▸ **Provided information**
*-*-*
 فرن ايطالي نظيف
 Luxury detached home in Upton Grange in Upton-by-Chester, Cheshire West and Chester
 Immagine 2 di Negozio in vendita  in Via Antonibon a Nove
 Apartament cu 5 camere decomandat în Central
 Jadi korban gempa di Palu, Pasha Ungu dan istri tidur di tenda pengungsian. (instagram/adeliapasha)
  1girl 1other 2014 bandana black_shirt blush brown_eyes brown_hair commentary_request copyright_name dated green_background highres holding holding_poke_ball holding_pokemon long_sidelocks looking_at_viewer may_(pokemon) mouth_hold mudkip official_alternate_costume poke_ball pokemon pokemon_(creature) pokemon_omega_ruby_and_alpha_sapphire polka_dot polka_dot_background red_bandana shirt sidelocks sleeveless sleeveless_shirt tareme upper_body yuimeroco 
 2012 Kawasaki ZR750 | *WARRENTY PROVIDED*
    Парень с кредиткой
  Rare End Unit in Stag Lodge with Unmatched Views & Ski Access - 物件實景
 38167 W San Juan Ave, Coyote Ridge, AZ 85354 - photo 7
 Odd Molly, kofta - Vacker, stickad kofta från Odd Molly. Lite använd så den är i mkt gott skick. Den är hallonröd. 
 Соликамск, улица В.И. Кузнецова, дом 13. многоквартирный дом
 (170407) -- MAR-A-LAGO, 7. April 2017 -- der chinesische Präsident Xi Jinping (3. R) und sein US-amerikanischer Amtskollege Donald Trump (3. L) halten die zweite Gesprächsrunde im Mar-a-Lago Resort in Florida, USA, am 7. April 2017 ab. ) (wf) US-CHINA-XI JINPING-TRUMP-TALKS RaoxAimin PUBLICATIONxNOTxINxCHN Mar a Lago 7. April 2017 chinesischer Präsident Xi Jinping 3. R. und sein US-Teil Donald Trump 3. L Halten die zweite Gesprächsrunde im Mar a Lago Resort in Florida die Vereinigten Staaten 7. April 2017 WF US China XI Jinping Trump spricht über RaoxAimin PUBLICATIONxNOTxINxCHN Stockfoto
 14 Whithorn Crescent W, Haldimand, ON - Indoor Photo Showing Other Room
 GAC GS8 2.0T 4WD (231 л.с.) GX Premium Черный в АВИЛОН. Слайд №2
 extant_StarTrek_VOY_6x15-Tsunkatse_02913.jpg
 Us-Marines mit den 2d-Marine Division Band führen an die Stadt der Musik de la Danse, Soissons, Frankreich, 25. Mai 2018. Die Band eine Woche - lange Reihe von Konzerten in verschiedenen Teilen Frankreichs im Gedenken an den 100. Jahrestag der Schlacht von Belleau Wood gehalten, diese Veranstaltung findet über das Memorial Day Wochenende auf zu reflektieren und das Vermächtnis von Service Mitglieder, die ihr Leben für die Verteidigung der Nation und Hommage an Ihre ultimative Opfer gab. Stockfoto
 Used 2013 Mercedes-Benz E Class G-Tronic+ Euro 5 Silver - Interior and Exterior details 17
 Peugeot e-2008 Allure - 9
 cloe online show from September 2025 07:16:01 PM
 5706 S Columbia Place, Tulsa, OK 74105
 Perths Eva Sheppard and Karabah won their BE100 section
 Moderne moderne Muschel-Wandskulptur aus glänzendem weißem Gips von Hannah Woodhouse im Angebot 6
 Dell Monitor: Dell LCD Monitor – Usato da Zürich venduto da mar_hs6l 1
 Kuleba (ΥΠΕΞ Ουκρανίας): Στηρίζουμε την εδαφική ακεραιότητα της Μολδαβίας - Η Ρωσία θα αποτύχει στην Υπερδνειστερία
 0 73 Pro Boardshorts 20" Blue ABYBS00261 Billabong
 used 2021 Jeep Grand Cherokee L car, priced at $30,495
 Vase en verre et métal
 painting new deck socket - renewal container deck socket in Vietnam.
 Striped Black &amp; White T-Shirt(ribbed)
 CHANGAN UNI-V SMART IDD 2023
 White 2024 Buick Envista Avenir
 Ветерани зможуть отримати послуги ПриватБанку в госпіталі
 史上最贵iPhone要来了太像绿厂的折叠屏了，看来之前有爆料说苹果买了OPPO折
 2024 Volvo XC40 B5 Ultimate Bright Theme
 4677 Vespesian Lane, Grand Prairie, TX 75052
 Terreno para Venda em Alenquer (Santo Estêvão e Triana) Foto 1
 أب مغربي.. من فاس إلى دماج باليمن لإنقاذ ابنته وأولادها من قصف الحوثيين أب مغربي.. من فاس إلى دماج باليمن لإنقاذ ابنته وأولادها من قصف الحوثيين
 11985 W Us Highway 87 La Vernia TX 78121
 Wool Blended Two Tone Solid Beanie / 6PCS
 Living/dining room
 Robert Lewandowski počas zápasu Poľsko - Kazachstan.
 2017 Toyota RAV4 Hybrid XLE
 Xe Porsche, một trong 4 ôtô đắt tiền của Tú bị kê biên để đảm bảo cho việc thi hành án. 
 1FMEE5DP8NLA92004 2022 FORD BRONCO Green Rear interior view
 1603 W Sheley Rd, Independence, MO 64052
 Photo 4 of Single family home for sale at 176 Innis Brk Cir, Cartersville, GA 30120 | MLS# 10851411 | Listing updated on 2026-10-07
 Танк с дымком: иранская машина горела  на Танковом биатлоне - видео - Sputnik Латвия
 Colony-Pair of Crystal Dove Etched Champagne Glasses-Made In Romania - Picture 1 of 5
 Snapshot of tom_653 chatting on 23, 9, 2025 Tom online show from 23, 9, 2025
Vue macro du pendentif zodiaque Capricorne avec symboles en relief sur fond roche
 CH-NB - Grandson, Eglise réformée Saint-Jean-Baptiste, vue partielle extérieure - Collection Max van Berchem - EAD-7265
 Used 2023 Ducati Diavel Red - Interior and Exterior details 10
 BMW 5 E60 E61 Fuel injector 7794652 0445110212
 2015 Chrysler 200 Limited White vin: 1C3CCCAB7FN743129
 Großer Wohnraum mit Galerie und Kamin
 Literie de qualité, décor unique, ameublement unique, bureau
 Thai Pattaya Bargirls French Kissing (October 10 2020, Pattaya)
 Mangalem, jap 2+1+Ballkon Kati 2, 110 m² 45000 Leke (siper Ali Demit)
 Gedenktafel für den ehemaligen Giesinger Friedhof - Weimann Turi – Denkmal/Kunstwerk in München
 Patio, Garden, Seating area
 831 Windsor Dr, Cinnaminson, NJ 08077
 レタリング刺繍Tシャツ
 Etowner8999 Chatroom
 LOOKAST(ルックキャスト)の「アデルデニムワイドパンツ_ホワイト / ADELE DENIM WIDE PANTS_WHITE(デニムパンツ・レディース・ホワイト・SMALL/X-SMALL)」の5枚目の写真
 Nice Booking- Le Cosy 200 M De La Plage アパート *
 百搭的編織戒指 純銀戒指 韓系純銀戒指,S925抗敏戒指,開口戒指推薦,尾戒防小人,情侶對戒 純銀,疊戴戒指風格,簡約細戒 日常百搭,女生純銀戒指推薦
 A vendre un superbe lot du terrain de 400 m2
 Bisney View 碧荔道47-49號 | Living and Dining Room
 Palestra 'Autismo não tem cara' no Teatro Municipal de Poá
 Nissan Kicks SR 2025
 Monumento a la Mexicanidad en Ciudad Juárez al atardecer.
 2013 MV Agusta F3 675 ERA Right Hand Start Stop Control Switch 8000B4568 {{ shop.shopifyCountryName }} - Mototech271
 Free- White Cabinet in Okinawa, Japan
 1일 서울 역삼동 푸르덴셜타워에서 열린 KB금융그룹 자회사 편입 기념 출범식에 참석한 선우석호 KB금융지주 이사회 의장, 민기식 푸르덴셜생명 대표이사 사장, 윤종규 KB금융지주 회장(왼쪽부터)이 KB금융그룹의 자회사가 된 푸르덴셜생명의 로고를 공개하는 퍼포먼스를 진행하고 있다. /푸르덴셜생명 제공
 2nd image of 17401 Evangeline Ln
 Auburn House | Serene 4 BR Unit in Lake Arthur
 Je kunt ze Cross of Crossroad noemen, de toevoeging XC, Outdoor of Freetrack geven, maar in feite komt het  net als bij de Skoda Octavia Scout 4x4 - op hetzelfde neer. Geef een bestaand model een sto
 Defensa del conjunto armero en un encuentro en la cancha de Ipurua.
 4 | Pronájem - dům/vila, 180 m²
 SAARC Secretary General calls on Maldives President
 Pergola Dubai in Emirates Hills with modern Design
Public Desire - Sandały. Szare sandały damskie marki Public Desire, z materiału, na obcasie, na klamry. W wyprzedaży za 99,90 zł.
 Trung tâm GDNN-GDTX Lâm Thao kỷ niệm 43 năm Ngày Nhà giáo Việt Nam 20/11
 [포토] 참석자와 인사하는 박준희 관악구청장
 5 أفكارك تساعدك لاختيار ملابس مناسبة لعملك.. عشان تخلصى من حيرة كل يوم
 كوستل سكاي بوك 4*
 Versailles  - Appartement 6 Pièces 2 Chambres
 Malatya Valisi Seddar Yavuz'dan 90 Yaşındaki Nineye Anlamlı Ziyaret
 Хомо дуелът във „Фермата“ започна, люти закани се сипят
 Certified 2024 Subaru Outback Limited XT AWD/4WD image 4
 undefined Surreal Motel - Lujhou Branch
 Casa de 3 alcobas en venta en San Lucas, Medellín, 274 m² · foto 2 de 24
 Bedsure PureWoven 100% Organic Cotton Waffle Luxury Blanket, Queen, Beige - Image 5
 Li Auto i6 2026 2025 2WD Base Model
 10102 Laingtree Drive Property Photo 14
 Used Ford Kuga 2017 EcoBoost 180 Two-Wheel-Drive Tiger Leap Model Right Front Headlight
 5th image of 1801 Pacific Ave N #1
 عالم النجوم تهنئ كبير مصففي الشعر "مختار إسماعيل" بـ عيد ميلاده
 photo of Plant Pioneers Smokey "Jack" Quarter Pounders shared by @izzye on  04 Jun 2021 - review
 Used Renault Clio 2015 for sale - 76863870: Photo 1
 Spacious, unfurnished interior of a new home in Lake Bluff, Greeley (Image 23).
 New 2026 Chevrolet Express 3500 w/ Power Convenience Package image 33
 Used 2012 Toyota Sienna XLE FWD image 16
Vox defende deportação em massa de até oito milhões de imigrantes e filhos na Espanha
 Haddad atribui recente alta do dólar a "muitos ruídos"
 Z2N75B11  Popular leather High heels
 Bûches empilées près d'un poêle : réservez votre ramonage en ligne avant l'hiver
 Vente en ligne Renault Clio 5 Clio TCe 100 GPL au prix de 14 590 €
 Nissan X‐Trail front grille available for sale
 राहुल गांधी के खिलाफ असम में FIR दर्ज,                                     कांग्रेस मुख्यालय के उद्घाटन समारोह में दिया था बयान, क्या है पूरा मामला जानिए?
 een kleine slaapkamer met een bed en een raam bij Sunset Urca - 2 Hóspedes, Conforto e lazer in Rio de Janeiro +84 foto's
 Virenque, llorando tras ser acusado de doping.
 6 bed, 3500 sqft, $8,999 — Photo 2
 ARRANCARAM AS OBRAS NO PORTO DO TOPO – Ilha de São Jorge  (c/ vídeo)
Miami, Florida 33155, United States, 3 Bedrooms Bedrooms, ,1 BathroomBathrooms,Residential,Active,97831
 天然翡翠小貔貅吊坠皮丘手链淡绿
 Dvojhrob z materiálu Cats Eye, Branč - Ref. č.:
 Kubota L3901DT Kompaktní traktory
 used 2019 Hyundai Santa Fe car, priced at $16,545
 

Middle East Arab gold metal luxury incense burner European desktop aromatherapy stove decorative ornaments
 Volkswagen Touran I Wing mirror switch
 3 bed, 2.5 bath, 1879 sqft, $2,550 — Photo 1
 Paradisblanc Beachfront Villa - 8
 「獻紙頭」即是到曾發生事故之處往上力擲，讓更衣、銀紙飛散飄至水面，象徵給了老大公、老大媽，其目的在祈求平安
*-*-*
▸ **Exercise goal**
Each line of the records, from the opening one through the line holding "1girl 1other 2014", should be restated word for word, with nothing else in the answer.

▸ **Task response**
 فرن ايطالي نظيف
 Luxury detached home in Upton Grange in Upton-by-Chester, Cheshire West and Chester
 Immagine 2 di Negozio in vendita  in Via Antonibon a Nove
 Apartament cu 5 camere decomandat în Central
 Jadi korban gempa di Palu, Pasha Ungu dan istri tidur di tenda pengungsian. (instagram/adeliapasha)
  1girl 1other 2014 bandana black_shirt blush brown_eyes brown_hair commentary_request copyright_name dated green_background highres holding holding_poke_ball holding_pokemon long_sidelocks looking_at_viewer may_(pokemon) mouth_hold mudkip official_alternate_costume poke_ball pokemon pokemon_(creature) pokemon_omega_ruby_and_alpha_sapphire polka_dot polka_dot_background red_bandana shirt sidelocks sleeveless sleeveless_shirt tareme upper_body yuimeroco 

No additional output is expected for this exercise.